→ **Requirement**
Would you please copy exactly the line with "Daihatsu HIJET TRUCK 2026-03 7616983-26" and all lines that follow it in the data below, through the last one?

→ **Input for this task**
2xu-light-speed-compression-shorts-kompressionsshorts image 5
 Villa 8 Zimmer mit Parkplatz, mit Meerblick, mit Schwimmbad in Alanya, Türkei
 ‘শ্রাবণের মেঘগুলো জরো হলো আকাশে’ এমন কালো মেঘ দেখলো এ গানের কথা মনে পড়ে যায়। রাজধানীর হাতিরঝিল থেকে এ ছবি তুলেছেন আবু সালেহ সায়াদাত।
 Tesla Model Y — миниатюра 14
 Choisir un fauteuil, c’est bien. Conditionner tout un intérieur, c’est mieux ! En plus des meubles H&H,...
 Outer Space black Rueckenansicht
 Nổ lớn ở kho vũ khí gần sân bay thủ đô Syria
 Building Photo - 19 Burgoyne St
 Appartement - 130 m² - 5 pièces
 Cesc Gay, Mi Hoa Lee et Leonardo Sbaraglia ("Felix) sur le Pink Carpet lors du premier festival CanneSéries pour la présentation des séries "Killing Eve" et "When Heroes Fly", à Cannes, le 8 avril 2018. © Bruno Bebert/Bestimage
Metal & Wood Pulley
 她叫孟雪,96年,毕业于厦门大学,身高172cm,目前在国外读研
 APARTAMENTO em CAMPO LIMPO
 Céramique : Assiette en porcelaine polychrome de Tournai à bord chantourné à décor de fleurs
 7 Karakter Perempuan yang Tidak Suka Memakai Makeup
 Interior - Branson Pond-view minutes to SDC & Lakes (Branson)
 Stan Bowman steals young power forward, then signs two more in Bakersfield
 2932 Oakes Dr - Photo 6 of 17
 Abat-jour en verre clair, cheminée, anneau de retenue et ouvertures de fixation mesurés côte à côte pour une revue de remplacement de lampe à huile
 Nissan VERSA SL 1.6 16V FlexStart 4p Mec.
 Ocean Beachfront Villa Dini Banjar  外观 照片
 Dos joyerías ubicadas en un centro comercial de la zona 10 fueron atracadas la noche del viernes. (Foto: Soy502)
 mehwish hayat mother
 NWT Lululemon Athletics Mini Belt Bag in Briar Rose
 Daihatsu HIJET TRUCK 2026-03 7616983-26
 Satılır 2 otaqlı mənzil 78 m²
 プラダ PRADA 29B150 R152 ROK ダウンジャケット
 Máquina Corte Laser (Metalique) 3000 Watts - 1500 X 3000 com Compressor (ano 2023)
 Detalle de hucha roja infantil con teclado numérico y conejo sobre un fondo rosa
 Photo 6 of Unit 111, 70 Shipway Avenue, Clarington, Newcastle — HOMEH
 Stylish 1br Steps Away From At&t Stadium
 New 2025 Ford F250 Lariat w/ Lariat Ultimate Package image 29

→ **Problem solution**
 Daihatsu HIJET TRUCK 2026-03 7616983-26
 Satılır 2 otaqlı mənzil 78 m²
 プラダ PRADA 29B150 R152 ROK ダウンジャケット
 Máquina Corte Laser (Metalique) 3000 Watts - 1500 X 3000 com Compressor (ano 2023)
 Detalle de hucha roja infantil con teclado numérico y conejo sobre un fondo rosa
 Photo 6 of Unit 111, 70 Shipway Avenue, Clarington, Newcastle — HOMEH
 Stylish 1br Steps Away From At&t Stadium
 New 2025 Ford F250 Lariat w/ Lariat Ultimate Package image 29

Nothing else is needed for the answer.